Les droits des migrants, un chantier pour l’Europe
La Croix, 10 mai 2004


Jusqu’à mai 2004 les décisions européennes relatives aux migrations et à l’asile relèvent du Conseil des Ministres dans le but de parvenir à une harmonisation, à un « socle européen commun». Le Parlement européen, n’étant consulté que pour avis, n’a que peu de capacités à intervenir. Or, en ces matières, la co-décision du Conseil et du Parlement prend maintenant place : le Conseil des Ministres et le Parlement devront décider ensemble sur les mêmes textes.

Il faut donc espérer que le dernier « continuera à rechercher une politique juste de migration et d’asile, protectrice des droits des migrants en Europe et respectueuse des principes de protection des réfugiés de la Convention de Genève. » ( Déclaration des Eglises protestantes et orthodoxes européennes et des leurs organisations sociales, mars 2004)

La marche arrière est effet rapide. Alors que le traité d’Amsterdam de 1997 établissait la politique d’asile comme une priorité, elle est de plus en plus menacée par de multiples stratégies européennes et nationales. La France avait inventé l’asile territorial en 1998 qui rejoint le régime européen de la « protection subsidiaire », un asile pouvant être remis en cause, un statut réduit par rapport à celui de la Convention de Genève.

Plus choquant encore, une directive européenne innove avec le concept d’asile interne : si dans le pays du candidat réfugié existent des lieux gérés par des organisations internationales où il est susceptible de recevoir une protection, l’asile peut lui être refusé. Il faut bien reconnaître que ce mécanisme offre peu de garanties de sécurité, ces organisations pouvant être amenées à partir rapidement. Cette montée globale de la crise de la protection des demandeurs d’asile est le résultat d’un manque de volonté politique d’établir un système généreux, juste et de bonne qualité. Et de ce fait les arrivées irrégulières se multiplient et le trafic croît.


Face à cela il faut réaffirmer que la protection effective ne se limite pas à la protection contre le refoulement et l’accès à tout petit minimum de droits. Au contraire il s’agit de permettre à la personne de vivre dignement et d’une façon quasi comparable à celle des citoyens de son pays de résidence.

Par ailleurs , la majorité des réfugiés vivent dans un pays voisin de leur région d’origine. Or s’il y a un peu plus de dix millions de réfugiés dans le monde, 20% d’entre eux seulement sont en Europe.
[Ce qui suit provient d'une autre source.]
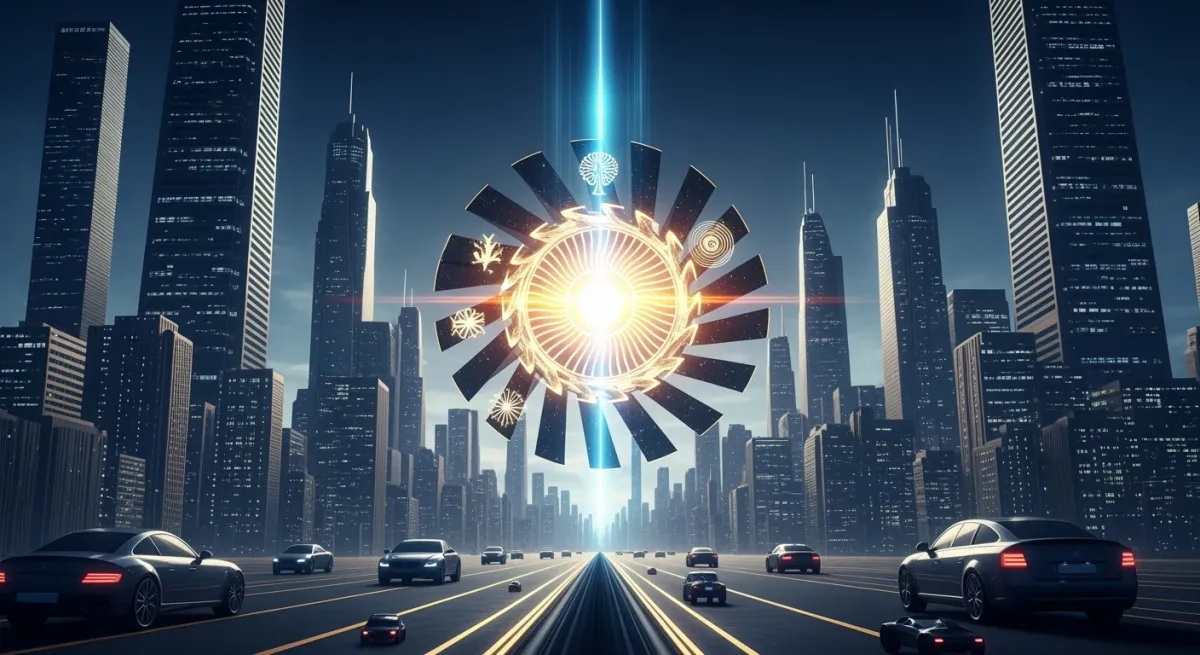 Transformation Turbines Transit: When Transformation Becomes Your Turbine, Change Accelerates with Unstoppable Power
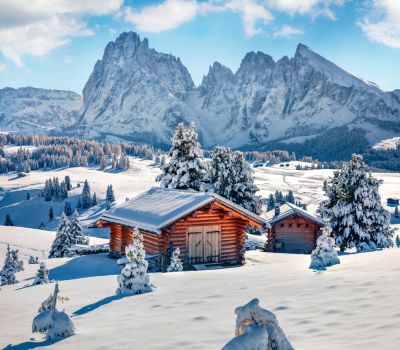 Weihnachten in Südtirol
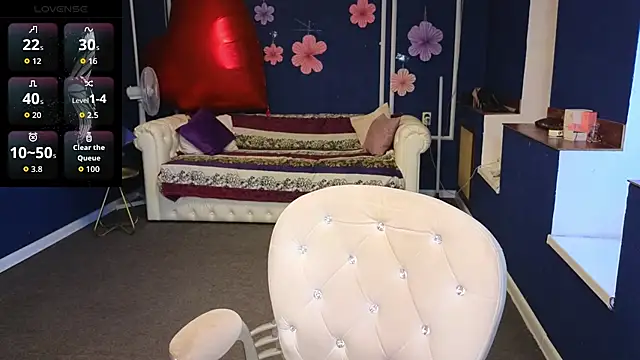 Snapshot of Kira_Kenett chatting on May 16, 2026, 6:54 am Kira Kenett online show from May 16, 2026, 6:54 am
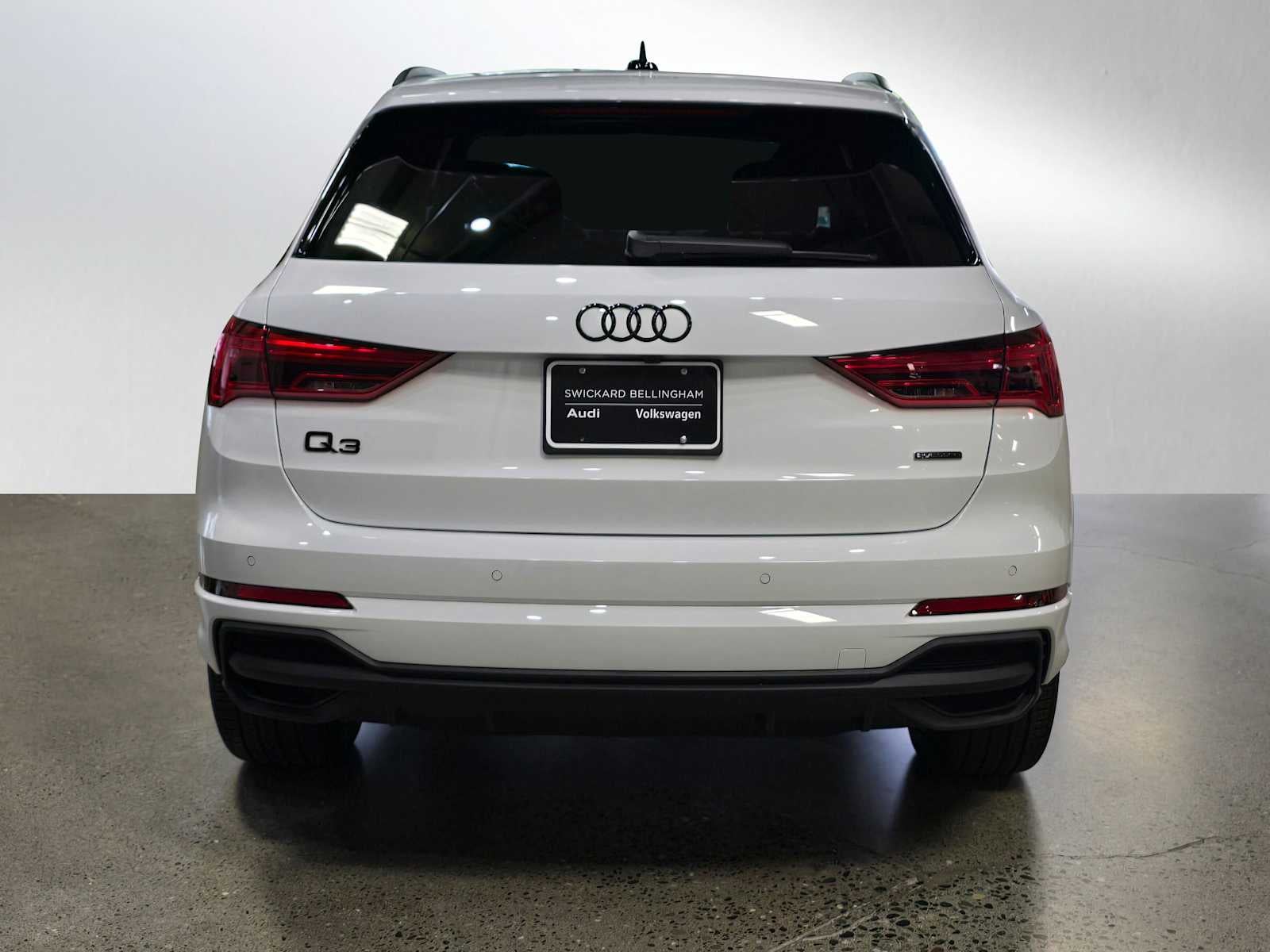 2025 Audi Q3 S line Premium 45 TFSI quattro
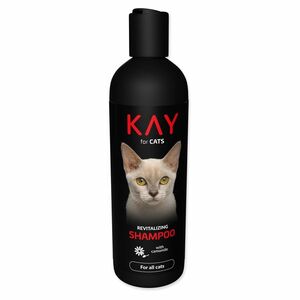 KAY Šampón pre mačky na obnovu srsti 250 ml vyobraziť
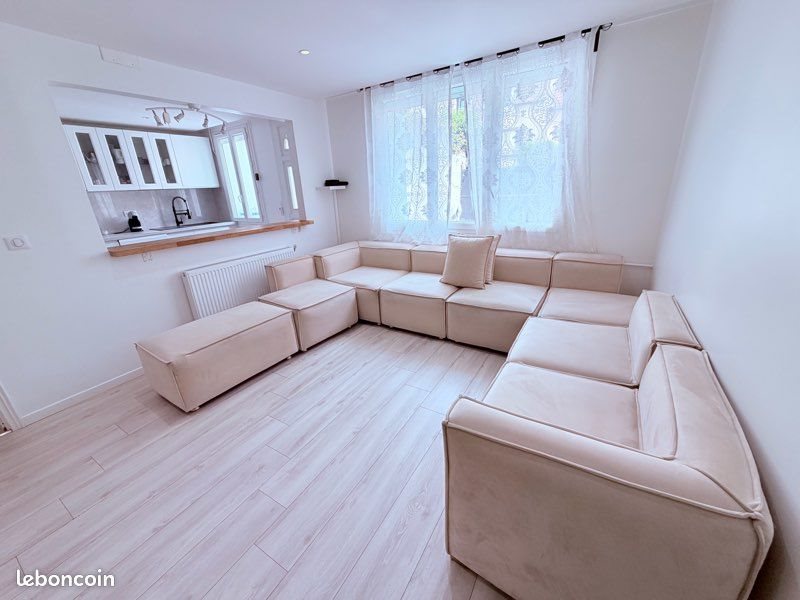 Maison à vendre, 100m², Chanteloup-les-Vignes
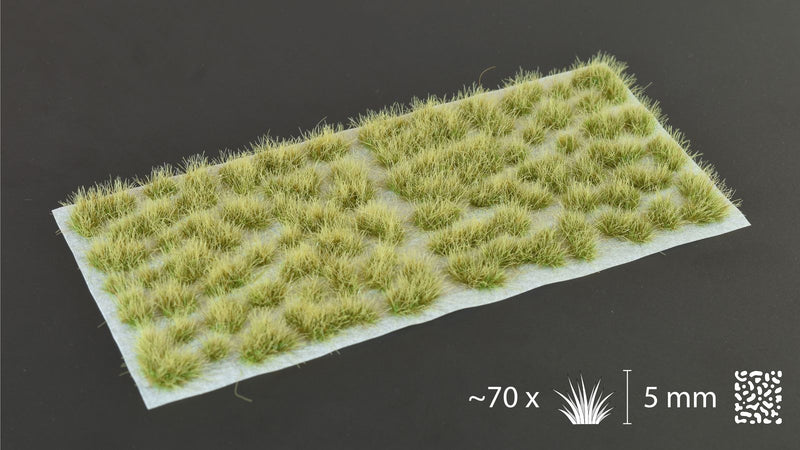 GamersGrass Static Grass Tufts - Autumn 5mm Wild
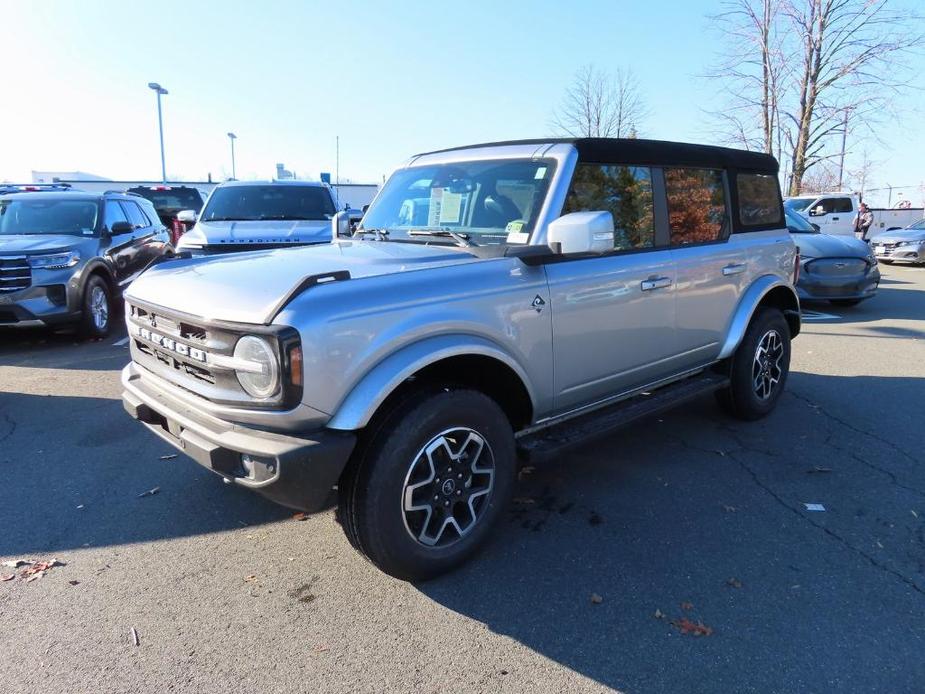 new 2024 Ford Bronco car, priced at $46,364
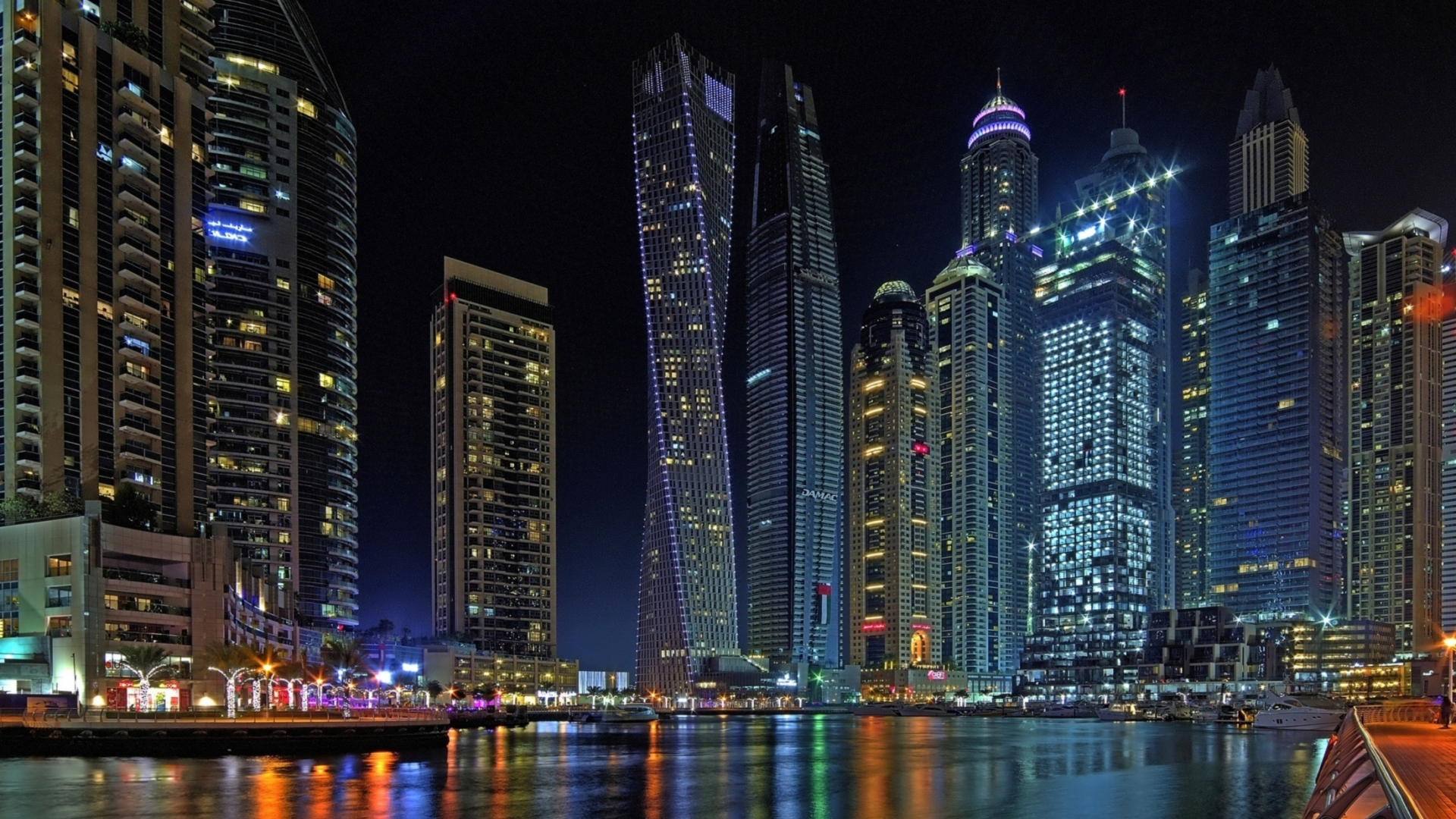 Dubai city desktop wallpapers HD and wide wallpapers - Page 3
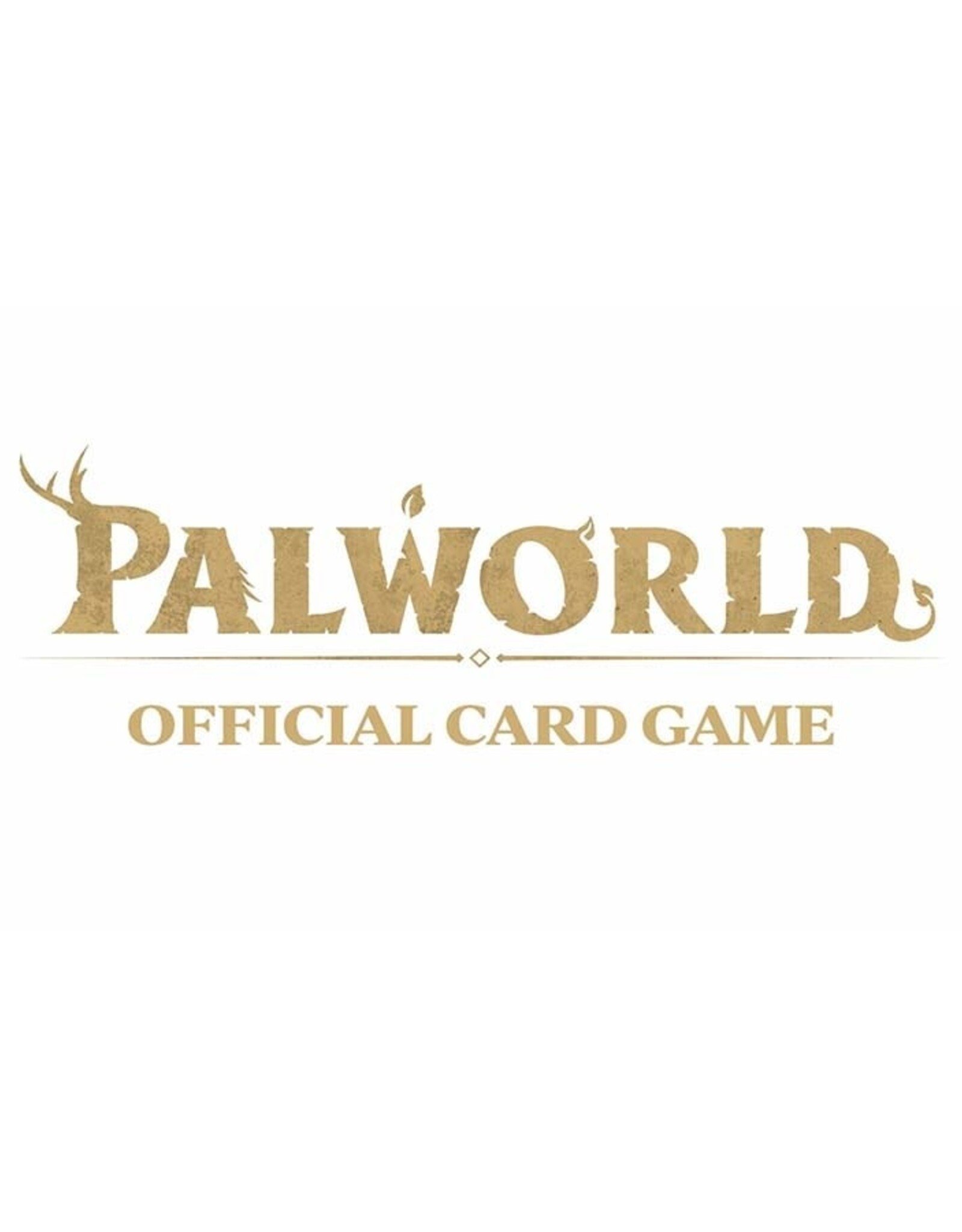 Misc (July 30, 2026) Palworld TCG Dawn of Palpagos Deck Green-Purple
La majorité est soit en Asie, quatre millions deux cent mille, soit en Afrique, trois millions trois cent mille. D’où l’importance de développer aussi les moyens de protection sur place à travers de multiples actions de création de services, de formation , d’infrastructures et de politiques de réception et d’intégration.

Le rôle du Parlement européen sera important tant à travers ses responsabilités législatives que son pouvoir budgétaire alors qu’un projet de Directive européenne se profile qui accroît encore les manquements à la loi internationale : le concept de pays sûr, pays d’origine ou pays tiers par lequel la personne a transité et vers lequel elle serait renvoyée sous prétexte qu’elle aurait dû y demander l’asile, est une source de danger car la sécurité vue d’Europe peut être différente de la réalité sur le terrain. De plus le projet laisse à la responsabilité des Etats des sujets critiques comme la détention ou l’assistance judiciaire.


Un autre sujet de préoccupation est constitué par les défauts des procédures d’asile elles-mêmes. Dans la plupart des nouveaux pays européens le niveau de compétence des administrations et de leurs agents qui procèdent aux premières études des dossiers est insuffisant. Souvent les personnels sont surchargés. Ces défauts sont une cause importante des refus d’attribution du statut de réfugié. Il est donc nécessaire de mettre en place à travers toute l’Europe un système harmonisé de bon niveau, un réseau de personnes responsables compétentes. C’est d’autant plus important que les nouveaux Etats membres ont maintenant un rôle accru par le cumul de leur statut d’Etat frontalier de l’Union et de pays de premier accueil, le Règlement de Dublin leur assignant l’étude des demandes d’asile.

Il conviendra donc d’amplifier les actions du Fonds européen pour les réfugiés par des politiques de formation aux différences culturelles, à la relation avec des personnes traumatisées. Le besoin de fournir des conseils juridiques aux demandeurs d’asile est essentiel. Il serait utile d’établir un système européen de suivi et d’évaluation des procédures de chaque pays, basé sur des critères et des indicateurs communs.

Il faudra donc procéder à un investissement substantiel dans l’amélioration de la qualité des procédures d’accueil, visant la rapidité, le respect du droit. Cet investissement serait d’ailleurs rentable car les coûts globaux de l’accueil diminueraient. Le Parlement européen a donc toute les raisons de s’y intéresser : meilleur respect des droits de l’homme et rigueur budgétaire.